Of course he has a show at the Fringe this year and of course I’m going to see it. You should too.
Fringe week continues!
I don’t actually remember when or how I met Jen. I’m including her in Fringe week primarily because she performed in my show Story Time: Time Bomb a few years go.
She doesn’t always perform at the Fringe. I can only assume this is because she turns down the opportunity to perform. If it is because nobody asks her, I need to make sure I ask her every year.
Jen has a personality I would describe as jolly. I realize that personality trait is typically associated with men who wear red suits and live at the north pole but if you know Jen, I hope you know what I mean. Whenever I see her, she is smiling and filled with energy.
As an improviser, she is quick-witted and oh so clever. The improvisational nature of Story Time: Time Bomb was why I immediately wanted to get her involved. I knew she would completely nail what we needed for the show.
And she did.
I don’t see Jen that often but I enjoy it when I do because she makes you feel interesting. When you talk to her, she makes eye contact and smiles and nods and laughs. I imagine that is one of the reasons she is so good at improvisation. She is in the moment and paying attention all the time.
When she’s in a show, she’s one of those actresses that I notice. It isn’t just because I know her. It is because she creates memorable moments and I want to make sure I don’t miss them.
Unfortunately, she is not in a show at this year’s Fringe festival. If she was, that show would be on my must see list without question.
Jen’s an awesome person and I’m glad I know her.
She performs over at Huge a lot. Keep an eye out for her there. You’ll be happy you did.
Fringe week continues!
I’ve known Ben for a few years now. I think I was introduced to him when I first mounted a show at the fringe in 2007.

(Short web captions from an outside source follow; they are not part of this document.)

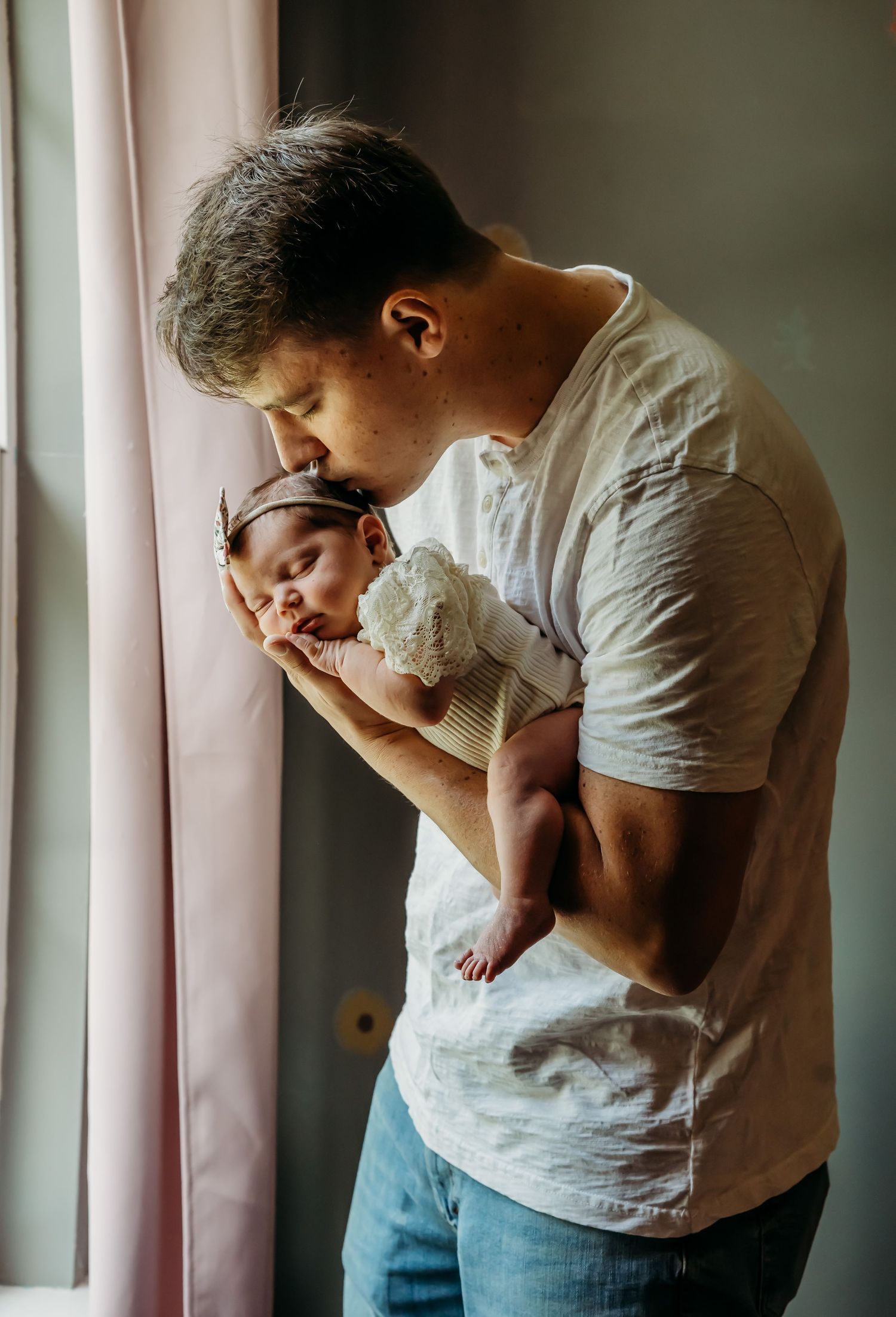 Loving father kissing newborn baby by pink curtained window in soft light.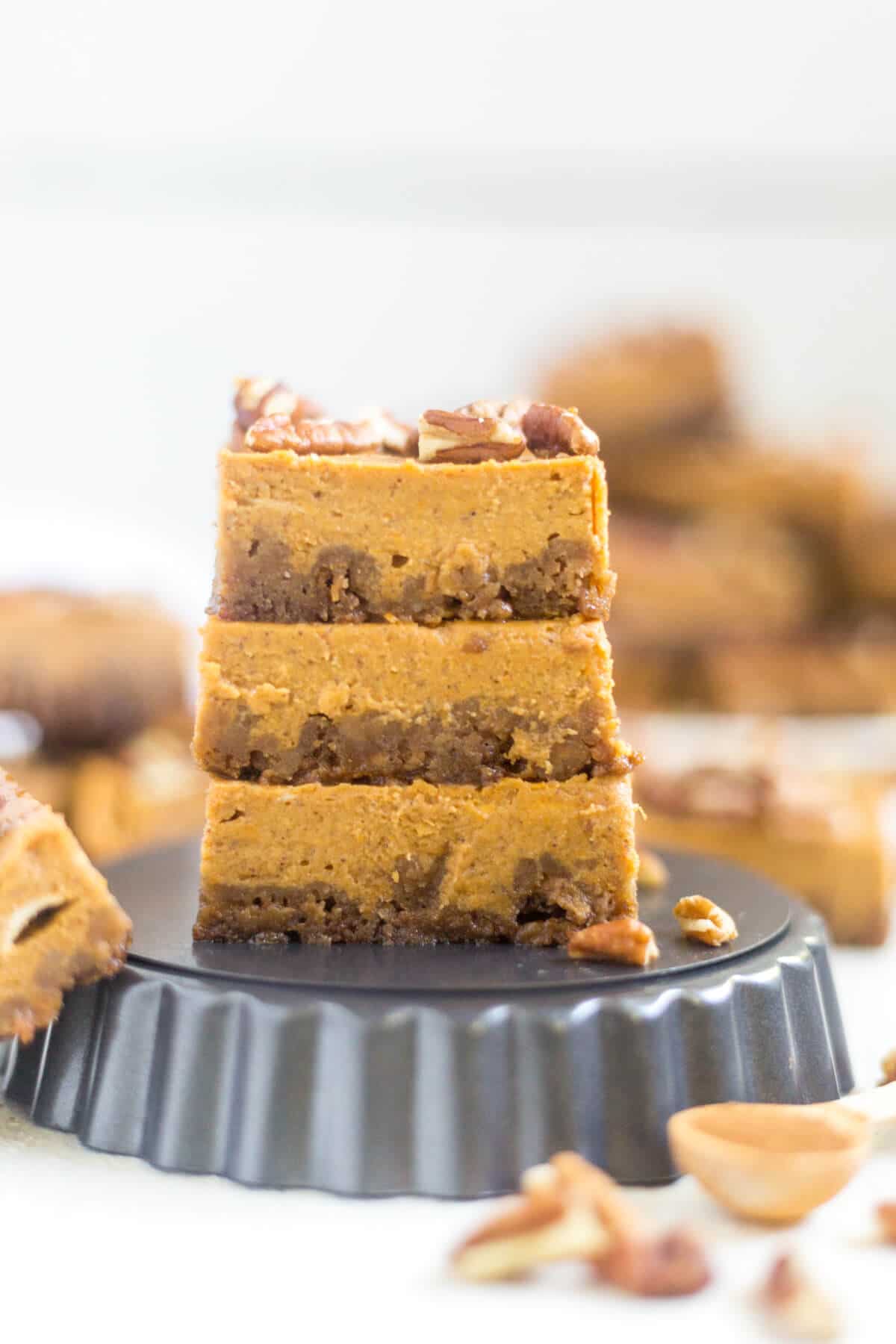 Pumpkin pie bars are a fun twist on a classic Thanksgiving recipe! The crust is made from crushed gingerbread and the bars are just like pumpkin pie and topped with pecans, caramel, ice cream and more!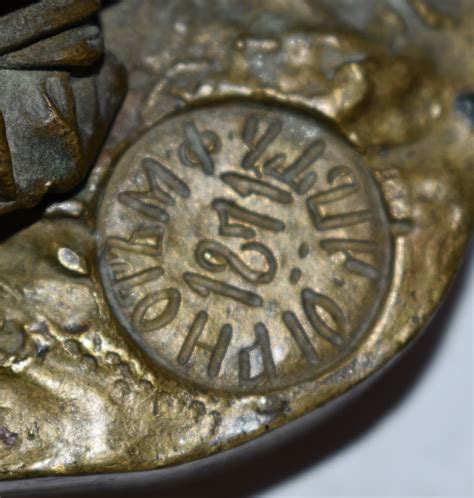 brass figure  markings antiques board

Ben, like a lot of my comedian friends, is always thinking about the philosophy of comedy. It isn’t enough to write a funny joke. It is more important to understand the nature of what makes jokes funny. We had him on Geeks Without God earlier this year and he talked about how one approaches telling certain types of jokes to certain types of audiences.

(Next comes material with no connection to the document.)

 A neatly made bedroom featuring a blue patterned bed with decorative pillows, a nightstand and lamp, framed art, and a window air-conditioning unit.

While Ben has written some very good plays, he primarily identifies himself as a stand-up comedian. He did a stand-up show at the fringe three years ago with a lot of material about being an atheist. The way he was so open about that part of himself got me thinking about how writers and performers integrate their beliefs into their work.
Ben is in Jumpin’ Jack Kerouac with me and I think he views it through a similar lens. We both feel completely out of our element as dancers but we enjoy the challenge. We are both also very happy that we are only going to be doing this once.

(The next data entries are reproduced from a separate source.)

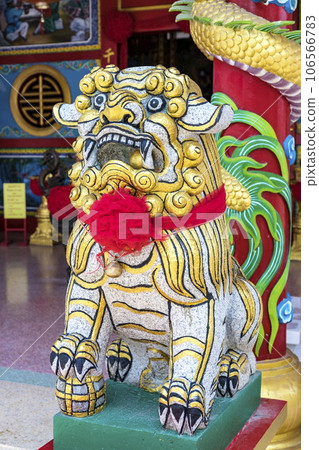 This brightly colored stone lion represents the Chinese and East Asian belief that bright colors symbolize prosperity and good luck. The bright colors of this stone lion will help attract good luck. This brightly colored stone lion represents the Chinese and East Asian belief that bright colors symbolize prosperity and good luck. The bright colors of this stone lion will help attract good luck. 106566783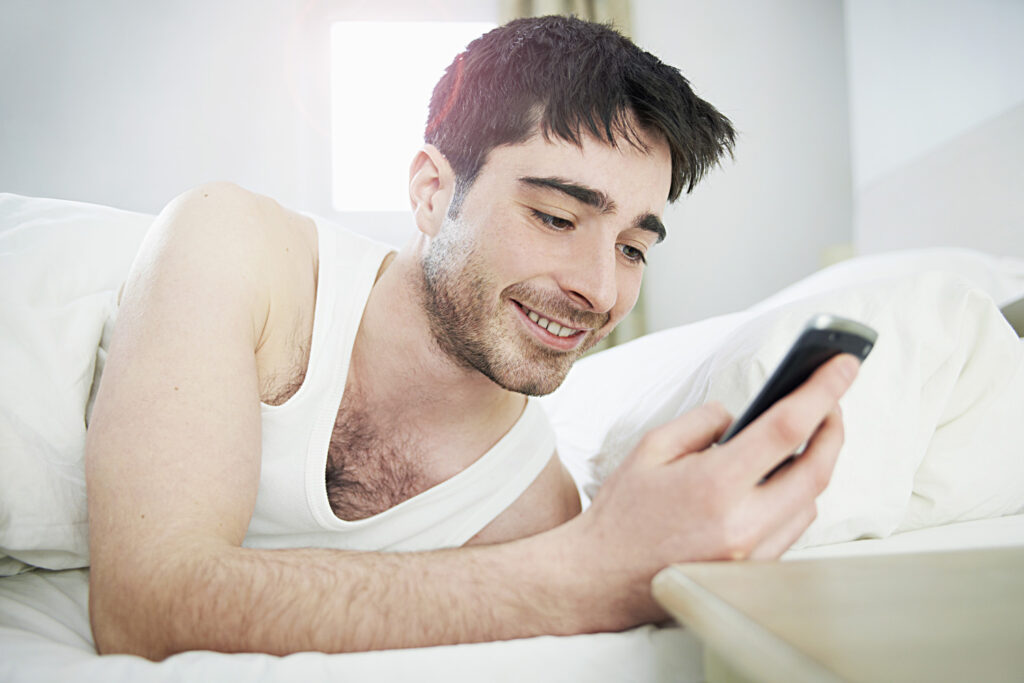 man looking at mobile phone in bed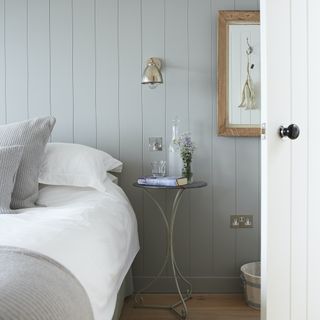 bedroom with bed with white sheets and tongue and groove panelling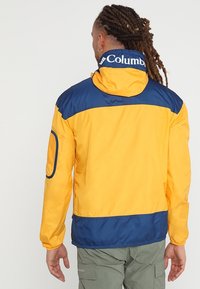 Chaqueta impermeable amarilla y azul marino con capucha, que cuenta con un bolsillo de malla en el brazo izquierdo y un logotipo a lo largo del cuello. Textura suave.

In rehearsing the show, I’ve gotten to hear some of Ben’s writing about being social. The thoughts that go through his head are similar to mine. He lives in his head all the time.
Whenever I talk to him, I get the feeling there are two layers of conversation. One is the actual conversation we are having and one is the internal dialogue he is having with himself about the conversation.
I guess we all do that but with Ben, I can actually watch it happen.
All of this analysis results in one very important by-product. It makes Ben a very funny and insightful writer.
Ben also once told me that he thought I was in my mid 30’s and not my mid 40’s.
For having said that, I think he is one of the best people ever!
In addition to Jumpin’ Jack Kerouac, you should check out Ben’s other Fringe show: Fiddlestick Conundrum!
Fringe week continues!
I wrote about current Fringe Executive Director Jeff Larson yesterday. It’s only fair I write about his worthy predecessor today!
Since she is no longer director, there is no danger it will appear as if I’m sucking up!
Last year, Robin did something that a lot of us can’t even imagine doing. She stepped down from a job she really loved because she realized it was time to move on. That takes a tremendous amount of courage.
Organizations like the Fringe can benefit from a little upheaval. Knowing that is one thing. Making the difficult decision to initiate that upheaval is entirely different.
My first Fringe Festival show was in 2007 and Robin impressed me right away because she treated every artist with respect. It didn’t matter if this was your first time on stage or if you’d been performing for decades.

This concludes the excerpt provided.